I turn now to the very vexed question of the productivity deduction. Everyone will agree that, overall, the productivity deduction has been the most resented feature of the Price Code. Originally, when the Conservative Government brought it in, they were justified in doing so by the fact that prices were rising faster than wages, and wages were then subject to the Pay Code. It was, over that year or so, possible to make some sort of productivity saving, at least in the short run. Now, as the right hon. Lady said on 13th November: It would be unfair to believe that firms which have already moved on productivity can move on it time and time again."—[OFFICIAL REPORT, 13th November 1974; Vol. 881, c. 434.] The truth is that the productivity deduction has become a largely penal measure and should go.

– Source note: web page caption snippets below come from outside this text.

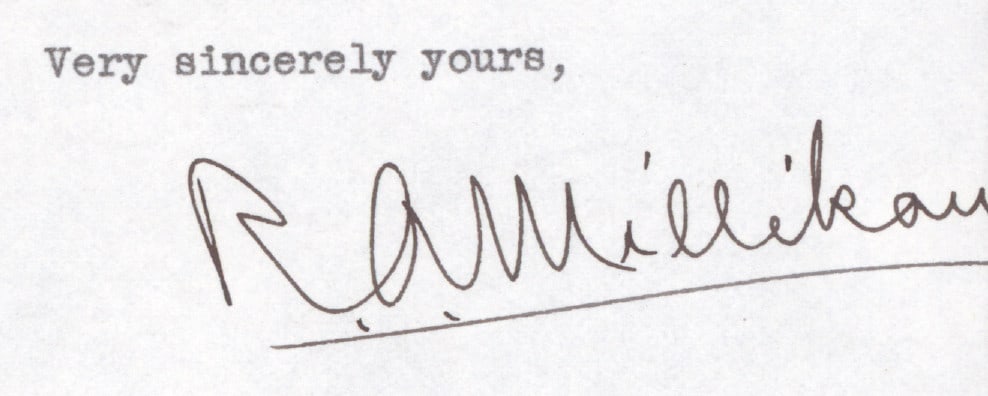 ROBERT A. MILLIKAN - 2
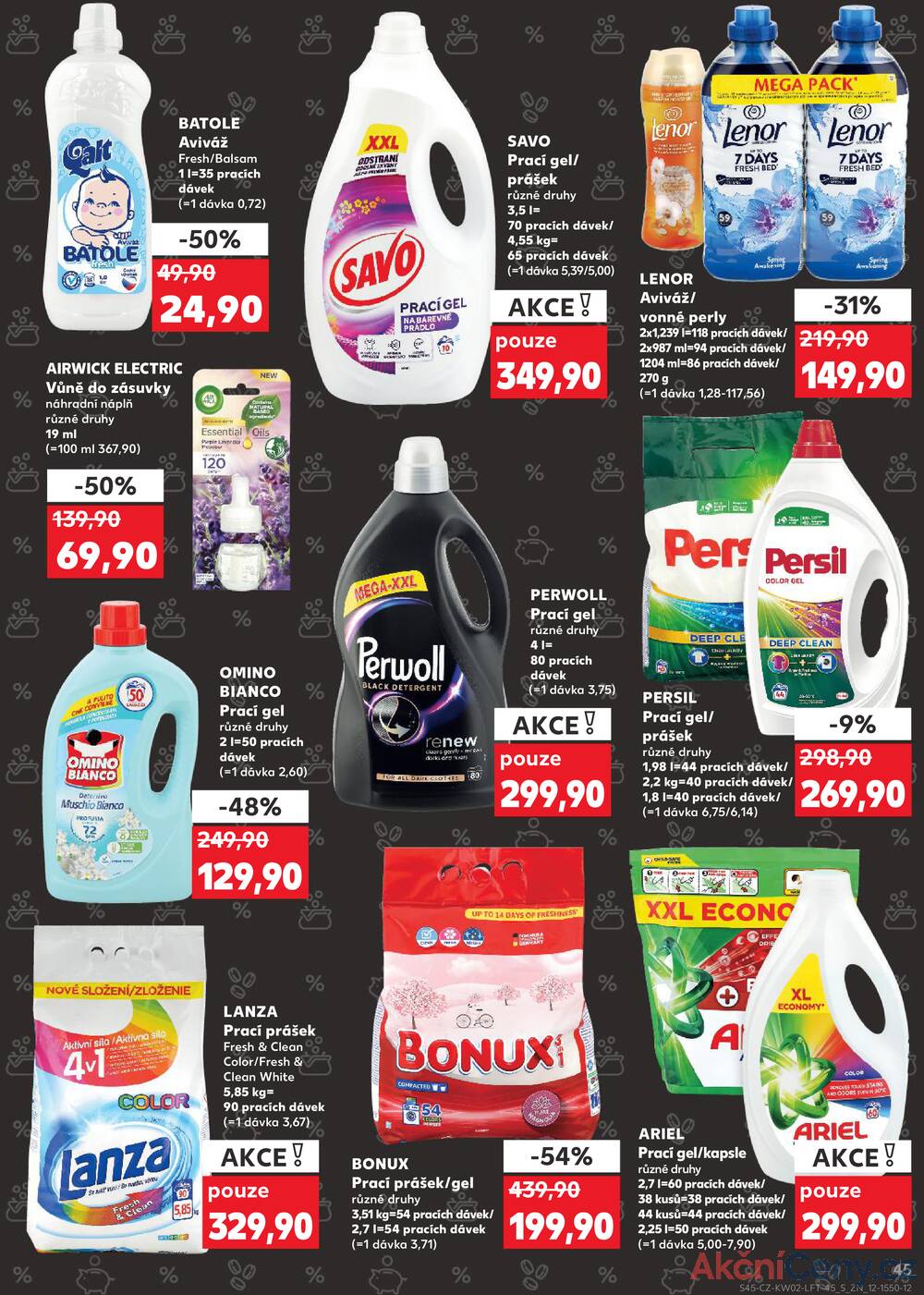 Leták Kaufland - Kaufland 7.1. - 13.1. - Kaufland - Prachatice - strana 45 Leták Kaufland - Kaufland 7.1. - 13.1. - Kaufland - Prachatice - strana 45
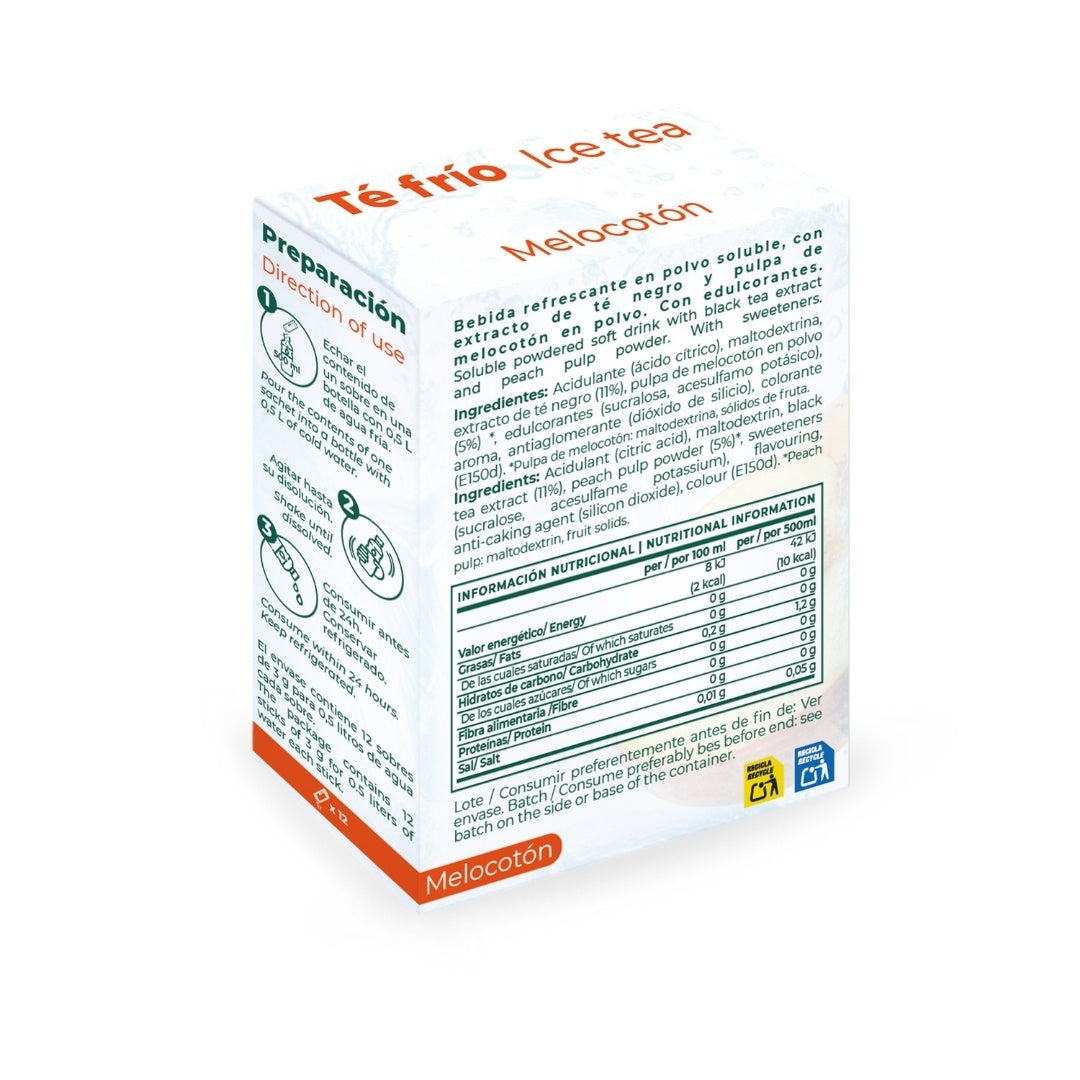 Te Frio Melocotón Torafood 36g (12 Sachets X 3g)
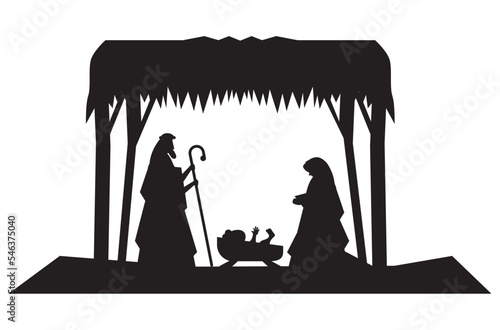 sacred family manger characters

It makes it impossible for industry as a whole to manage its own affairs or to plan its own activities over the next year or two, and I hope that the right hon. Lady will, on this perhaps on more than anything else, be prepared to realise the facts of the situation.

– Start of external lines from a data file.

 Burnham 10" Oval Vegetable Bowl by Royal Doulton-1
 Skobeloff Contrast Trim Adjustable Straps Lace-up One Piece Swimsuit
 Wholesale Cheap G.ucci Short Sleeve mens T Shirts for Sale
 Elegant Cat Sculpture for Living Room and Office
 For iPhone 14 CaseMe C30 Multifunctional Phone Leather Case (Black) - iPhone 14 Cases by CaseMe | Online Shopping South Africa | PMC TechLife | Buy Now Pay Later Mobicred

Overall, we recognise that the proposals in the new code are by and large an improvement on what has gone before, but it is time to start thinking about what the future of the code should be, and I believe that we must start thinking in terms of when we can phase the code out. In particular, we have to stress that it is quite wrong that the code should be used as a substitute for an effective incomes policy. Frankly, I am very doubtful whether the productivity deduction in any way stiffens industry's resolve to withstand pay claims. As many people have said, it is important to understand that companies which are financially weak because they are not making a worthwhile profit or not getting adequate returns are in no position to withstand outrageous pay claims. They simply will not be able to do the Government's job for them.

I hope that the Secretary of State will reconsider the productivity deduction in particular. At the very least, she must make clear that she has dropped the notorious suggestion implicit in paragraph 13 of the consultative document. This was the passage to which she referred in her speech in the Budget debate, when she said: What we are asking is whether it would be right for the code to impose an additional penalty—I choose the word deliberately—when the increase in salary or wage costs is very high."—[OFFICIAL REPORT, 12th November 1974; Vol. 881, c. 456.] Note that the right hon. Lady chose the word deliberately. She said that, and although it was somewhat watered down in later speeches by Ministers, the fact remains that the Secretary of State stressed that she regarded this, apparently, as a serious possible instrument in Government policy. In doing so she was doing no more than echo the Prime Minister's remarks at Cardiff during the election campaign about "rogue employers".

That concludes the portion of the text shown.